Bearing all of the above in mind, it is relevant here to show evolutionism as a (dominant) paradigm in musicological discourses, as well as a quality of the very discourse of music history since its beginnings. More precisely, music history was being formed by having natural sciences as its role model, i.e. by defining itself in the way that the sciences were defined at the time. Hence the crucial concepts in music history were in fact directly taken from natural sciences, the evolutionistic idea of ‘continuous development’ being incorporated in the very core of musicology. In addition to musicology, which was constructed as a science of ‘art’ music, the nineteenth century was also characterised by the constitution of the field of discourses on ‘other’ musics – the musics of non-Western peoples, which was the subject of so-called comparative musicology.
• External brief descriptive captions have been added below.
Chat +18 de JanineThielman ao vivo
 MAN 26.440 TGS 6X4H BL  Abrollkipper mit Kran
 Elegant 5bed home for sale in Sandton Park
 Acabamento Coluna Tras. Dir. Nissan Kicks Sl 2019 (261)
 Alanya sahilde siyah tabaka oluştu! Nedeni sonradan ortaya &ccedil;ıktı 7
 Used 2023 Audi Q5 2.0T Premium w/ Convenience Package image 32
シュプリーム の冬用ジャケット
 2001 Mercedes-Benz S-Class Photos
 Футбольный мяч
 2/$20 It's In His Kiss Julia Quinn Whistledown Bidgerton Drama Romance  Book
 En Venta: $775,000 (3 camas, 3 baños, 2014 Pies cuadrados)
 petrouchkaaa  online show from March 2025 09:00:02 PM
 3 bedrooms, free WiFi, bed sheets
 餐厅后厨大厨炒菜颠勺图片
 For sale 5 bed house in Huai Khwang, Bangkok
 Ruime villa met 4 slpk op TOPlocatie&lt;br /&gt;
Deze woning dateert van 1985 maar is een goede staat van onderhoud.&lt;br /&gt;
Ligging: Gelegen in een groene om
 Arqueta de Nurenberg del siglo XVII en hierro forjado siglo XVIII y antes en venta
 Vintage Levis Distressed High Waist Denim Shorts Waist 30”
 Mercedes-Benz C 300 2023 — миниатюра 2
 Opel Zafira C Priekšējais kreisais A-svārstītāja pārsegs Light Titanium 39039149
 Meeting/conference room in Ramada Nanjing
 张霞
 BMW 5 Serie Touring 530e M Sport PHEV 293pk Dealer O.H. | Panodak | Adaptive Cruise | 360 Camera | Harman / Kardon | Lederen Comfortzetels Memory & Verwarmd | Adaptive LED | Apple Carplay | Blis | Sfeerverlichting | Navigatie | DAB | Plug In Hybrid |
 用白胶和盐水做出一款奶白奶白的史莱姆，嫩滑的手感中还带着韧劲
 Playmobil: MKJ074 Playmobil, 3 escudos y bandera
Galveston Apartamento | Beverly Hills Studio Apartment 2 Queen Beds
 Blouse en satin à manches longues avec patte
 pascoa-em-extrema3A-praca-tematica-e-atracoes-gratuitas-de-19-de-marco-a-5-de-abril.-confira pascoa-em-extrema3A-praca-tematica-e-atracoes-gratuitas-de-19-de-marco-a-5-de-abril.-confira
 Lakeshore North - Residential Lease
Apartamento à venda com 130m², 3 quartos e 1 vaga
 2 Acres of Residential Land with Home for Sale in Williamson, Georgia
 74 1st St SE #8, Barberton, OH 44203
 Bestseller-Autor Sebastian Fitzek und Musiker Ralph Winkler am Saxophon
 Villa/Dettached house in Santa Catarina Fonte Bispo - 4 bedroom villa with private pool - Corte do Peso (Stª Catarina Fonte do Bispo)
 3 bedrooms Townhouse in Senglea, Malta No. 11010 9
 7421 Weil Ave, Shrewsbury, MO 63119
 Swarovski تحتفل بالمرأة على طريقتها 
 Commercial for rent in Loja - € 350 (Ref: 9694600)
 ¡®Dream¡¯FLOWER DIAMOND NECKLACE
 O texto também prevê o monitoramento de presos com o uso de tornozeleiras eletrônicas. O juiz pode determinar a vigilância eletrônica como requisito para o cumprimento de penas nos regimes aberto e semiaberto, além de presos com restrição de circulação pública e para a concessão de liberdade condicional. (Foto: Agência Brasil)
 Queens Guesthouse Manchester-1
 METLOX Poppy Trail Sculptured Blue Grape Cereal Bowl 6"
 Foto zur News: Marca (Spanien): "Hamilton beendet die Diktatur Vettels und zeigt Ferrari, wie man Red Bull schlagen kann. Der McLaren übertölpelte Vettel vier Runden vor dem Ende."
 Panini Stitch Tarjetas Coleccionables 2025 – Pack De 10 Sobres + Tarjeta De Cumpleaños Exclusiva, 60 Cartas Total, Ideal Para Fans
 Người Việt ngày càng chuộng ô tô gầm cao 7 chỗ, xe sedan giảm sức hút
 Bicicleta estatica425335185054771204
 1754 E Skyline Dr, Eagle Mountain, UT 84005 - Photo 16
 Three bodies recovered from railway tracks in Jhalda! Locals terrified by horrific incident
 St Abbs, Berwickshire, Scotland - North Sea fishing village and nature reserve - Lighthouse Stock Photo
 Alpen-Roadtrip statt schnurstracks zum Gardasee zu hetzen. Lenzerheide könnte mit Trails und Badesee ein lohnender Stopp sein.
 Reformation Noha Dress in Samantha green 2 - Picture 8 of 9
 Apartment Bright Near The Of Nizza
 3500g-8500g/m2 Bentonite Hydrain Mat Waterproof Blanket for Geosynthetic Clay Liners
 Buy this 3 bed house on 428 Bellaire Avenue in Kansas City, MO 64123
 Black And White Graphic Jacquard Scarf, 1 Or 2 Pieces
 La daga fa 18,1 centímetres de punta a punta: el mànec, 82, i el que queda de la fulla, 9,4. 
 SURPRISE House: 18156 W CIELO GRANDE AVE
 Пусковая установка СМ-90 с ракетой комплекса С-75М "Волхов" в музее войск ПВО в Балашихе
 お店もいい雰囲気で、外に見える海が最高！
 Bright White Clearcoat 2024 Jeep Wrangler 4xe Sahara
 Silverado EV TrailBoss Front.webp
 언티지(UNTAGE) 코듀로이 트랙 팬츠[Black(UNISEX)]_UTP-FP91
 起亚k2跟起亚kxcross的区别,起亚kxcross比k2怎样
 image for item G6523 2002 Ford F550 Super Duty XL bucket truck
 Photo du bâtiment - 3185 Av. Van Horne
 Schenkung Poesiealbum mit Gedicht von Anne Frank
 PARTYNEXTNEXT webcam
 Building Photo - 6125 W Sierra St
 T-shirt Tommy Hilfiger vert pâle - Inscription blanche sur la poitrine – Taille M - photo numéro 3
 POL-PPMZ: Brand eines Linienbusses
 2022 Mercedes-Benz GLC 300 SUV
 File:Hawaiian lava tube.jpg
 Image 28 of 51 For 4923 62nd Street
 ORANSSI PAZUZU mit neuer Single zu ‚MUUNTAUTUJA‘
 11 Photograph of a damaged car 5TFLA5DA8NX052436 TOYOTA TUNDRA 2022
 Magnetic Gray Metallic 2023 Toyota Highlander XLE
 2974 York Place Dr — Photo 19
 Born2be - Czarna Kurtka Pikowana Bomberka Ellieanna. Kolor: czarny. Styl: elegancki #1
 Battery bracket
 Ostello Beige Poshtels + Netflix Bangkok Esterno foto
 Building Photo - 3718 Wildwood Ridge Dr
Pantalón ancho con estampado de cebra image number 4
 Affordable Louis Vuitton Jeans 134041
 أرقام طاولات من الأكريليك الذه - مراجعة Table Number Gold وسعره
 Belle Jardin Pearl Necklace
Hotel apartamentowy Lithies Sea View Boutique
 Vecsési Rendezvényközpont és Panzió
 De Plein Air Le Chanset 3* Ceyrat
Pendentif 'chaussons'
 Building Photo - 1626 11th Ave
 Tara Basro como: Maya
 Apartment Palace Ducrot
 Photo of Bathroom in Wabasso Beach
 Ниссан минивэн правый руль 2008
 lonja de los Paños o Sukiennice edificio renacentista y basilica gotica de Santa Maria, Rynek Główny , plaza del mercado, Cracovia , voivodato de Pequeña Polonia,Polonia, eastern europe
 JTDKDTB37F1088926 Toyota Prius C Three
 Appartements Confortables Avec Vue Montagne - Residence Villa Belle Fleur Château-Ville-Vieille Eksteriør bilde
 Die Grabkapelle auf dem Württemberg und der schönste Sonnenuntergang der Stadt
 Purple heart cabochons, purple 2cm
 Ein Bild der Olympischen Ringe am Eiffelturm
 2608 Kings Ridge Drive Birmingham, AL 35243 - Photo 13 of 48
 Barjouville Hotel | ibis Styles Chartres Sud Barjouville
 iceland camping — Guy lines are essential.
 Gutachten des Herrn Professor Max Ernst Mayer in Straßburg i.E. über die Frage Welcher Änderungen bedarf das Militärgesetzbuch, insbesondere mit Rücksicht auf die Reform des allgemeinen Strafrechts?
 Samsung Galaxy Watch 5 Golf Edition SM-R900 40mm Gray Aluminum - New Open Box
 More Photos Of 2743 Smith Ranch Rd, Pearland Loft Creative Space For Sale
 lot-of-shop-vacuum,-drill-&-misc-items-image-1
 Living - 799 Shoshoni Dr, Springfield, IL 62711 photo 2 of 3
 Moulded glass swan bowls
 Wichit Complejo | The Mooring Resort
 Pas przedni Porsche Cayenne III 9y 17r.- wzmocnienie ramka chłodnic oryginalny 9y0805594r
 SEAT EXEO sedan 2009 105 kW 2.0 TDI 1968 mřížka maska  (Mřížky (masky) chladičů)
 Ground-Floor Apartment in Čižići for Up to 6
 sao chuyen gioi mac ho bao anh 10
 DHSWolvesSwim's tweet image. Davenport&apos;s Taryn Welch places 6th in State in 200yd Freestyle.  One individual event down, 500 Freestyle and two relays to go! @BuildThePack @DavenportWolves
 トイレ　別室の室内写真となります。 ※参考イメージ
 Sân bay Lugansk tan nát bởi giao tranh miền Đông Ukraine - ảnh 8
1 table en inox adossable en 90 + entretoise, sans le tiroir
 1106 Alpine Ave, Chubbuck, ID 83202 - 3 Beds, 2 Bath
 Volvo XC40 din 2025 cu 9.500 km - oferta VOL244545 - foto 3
Weber was acquainted with all these tendencies and I will here argue that his thesis on the rationalisation of music was also a thesis on the evolution of music, and, furthermore, that the thesis developed as the consequence of a complex and multifarious impact of the discourses of both natural sciences and musicology, formed in accordance with the ‘laws’ of ‘proper’ science. As a consequence of the above, this book is structured in three chapters, the third engaging with the Weber’s theory itself, while the first two are dedicated to the reconstruction of the ways the discourse was formed as an evolutionistic one. Moreover, I consider the fact that Weber is regularly discussed as an opponent of evolutionistic tendencies in sociology, which is the reason why I have laid such stress on the entire context of the formation of his discourse on music, since it is insight in context that explains the specific status of this discourse. Certain aspects of Weber’s discourse in general, and on music in particular, cannot be researched without considering nineteenth-century musicological discourses.